_SOURCE MATERIAL_

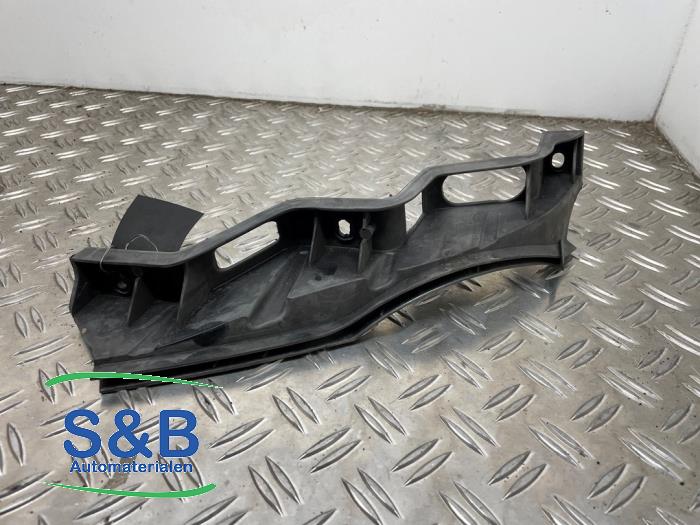 Front bumper mounting bracket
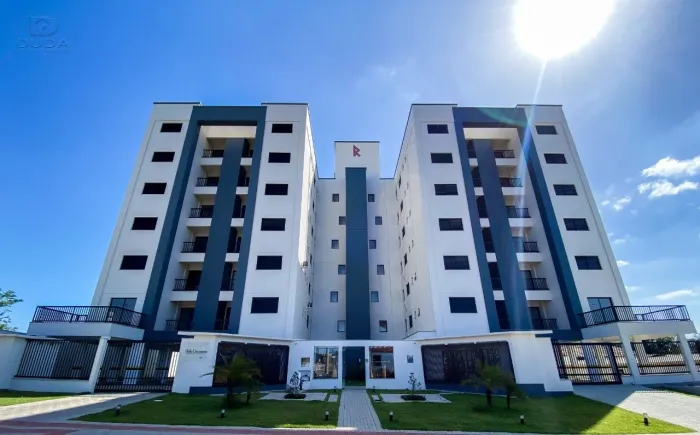 Apartamento com 02 dormitórios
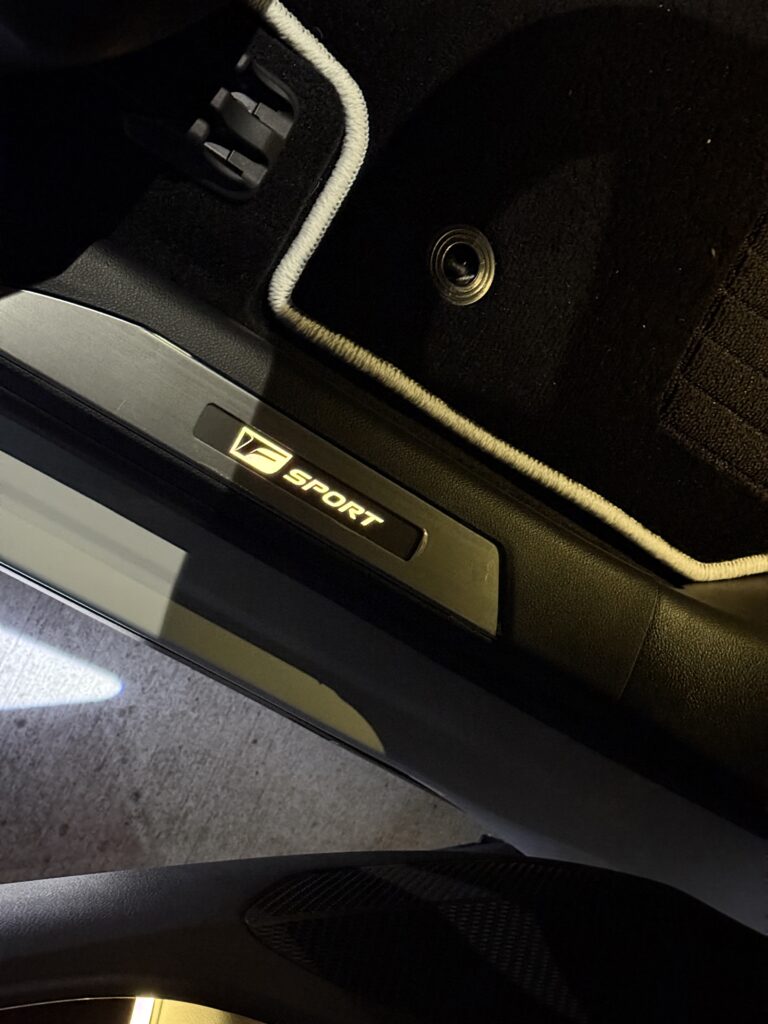 スカッフプレートイルミ　レクサスRX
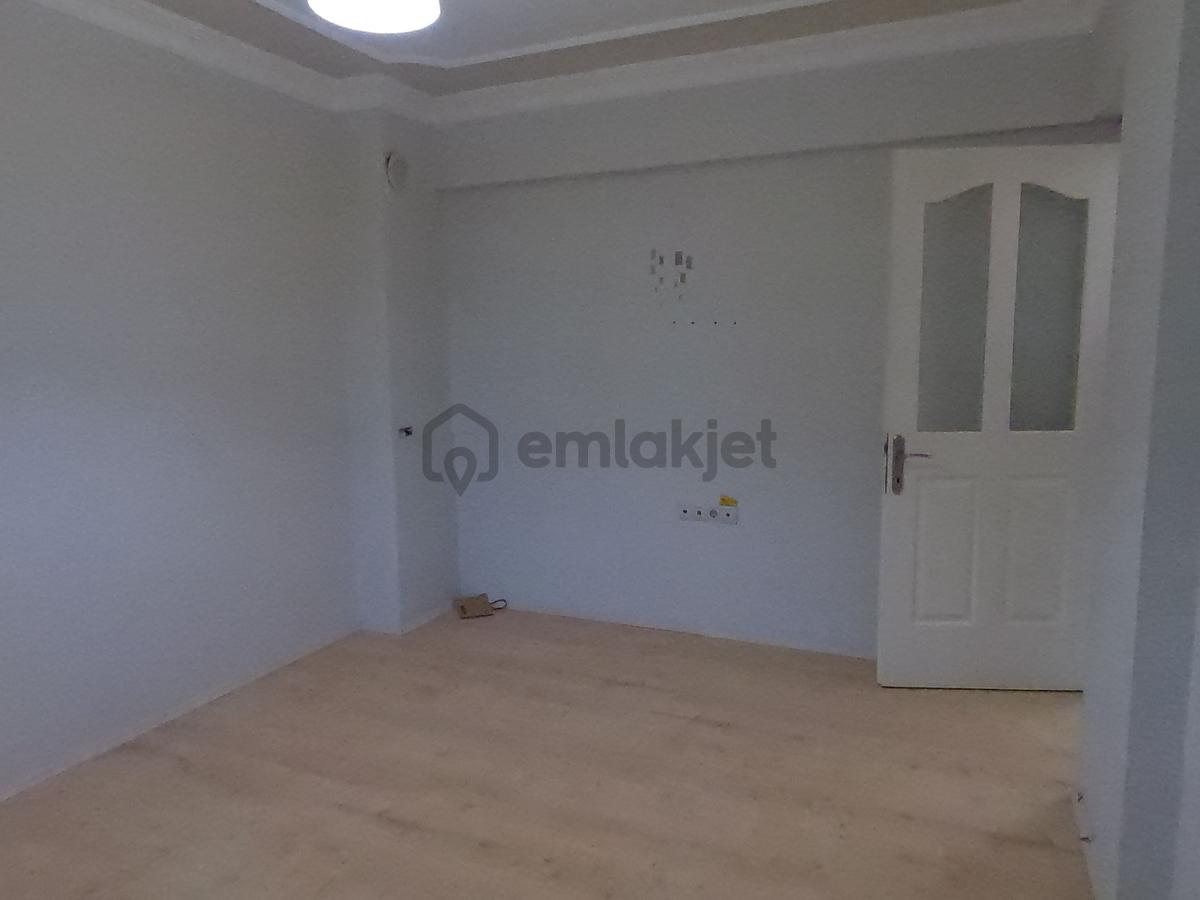 Satılık 3+1 Ebeveyn Banyolu Daire Bağbaşı - 10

_GOAL OF THE EXERCISE_
Give the data again word for word, without pictures.

_SOLUTION TO THE PROBLEM_
 Front bumper mounting bracket
 Apartamento com 02 dormitórios
 スカッフプレートイルミ　レクサスRX
 Satılık 3+1 Ebeveyn Banyolu Daire Bağbaşı - 10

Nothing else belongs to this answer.